The goals of the Paris agreement on climate are still within reach, according to BloombergNEF’s (BNEF) 2022 New Energy Outlook, released today, but action is needed to accelerate the shift to clean energy technologies.
The research firm looks into two scenarios for the global energy system until 2050. Its Net Zero Scenario shows that it is possible to keep temperature rises to 1.77 degrees Celsius and achieve net zero by 2050 with a rapid switch to clean power generation, electrification, as well as contribution from carbon capture and storage and hydrogen.

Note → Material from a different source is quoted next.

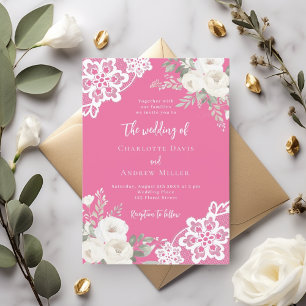 Sunset pink roses lace wedding invitation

“Our Net Zero Scenario shows that a credible pathway to meet the goals of the Paris Agreement still exists, but getting there requires immediate action. Clean power deployment needs to quadruple by 2030, in addition to a major investment in carbon capture and storage, advanced nuclear technologies, and hydrogen,” said David Hostert, lead author of the report. This decade the world needs to invest USD 3 in low-carbon supply for every USD 1 invested in fossil-fuel supply, he added.
In the Net Zero Scenario, half of total emissions abated over the 2022-2050 period come from replacing fossil fuel generation with clean power. In the middle of the century, the global power system consists of 48% wind generation, 26% solar, 7% other renewables, 9% nuclear and a part of coal or gas with carbon capture.
Electrification of transport and industrial processes, buildings and heat with lower-carbon electricity accounts for about a quarter of the emissions abatement over the period. A combination of demand-side efficiency gains and recycling, hydrogen, bioenergy and carbon capture and storage provide the final quarter of emissions reductions. Hydrogen use increases from over 90 million tonnes today, which is mainly fossil-derived hydrogen, to about 500 million tonnes of clean hydrogen by 2050.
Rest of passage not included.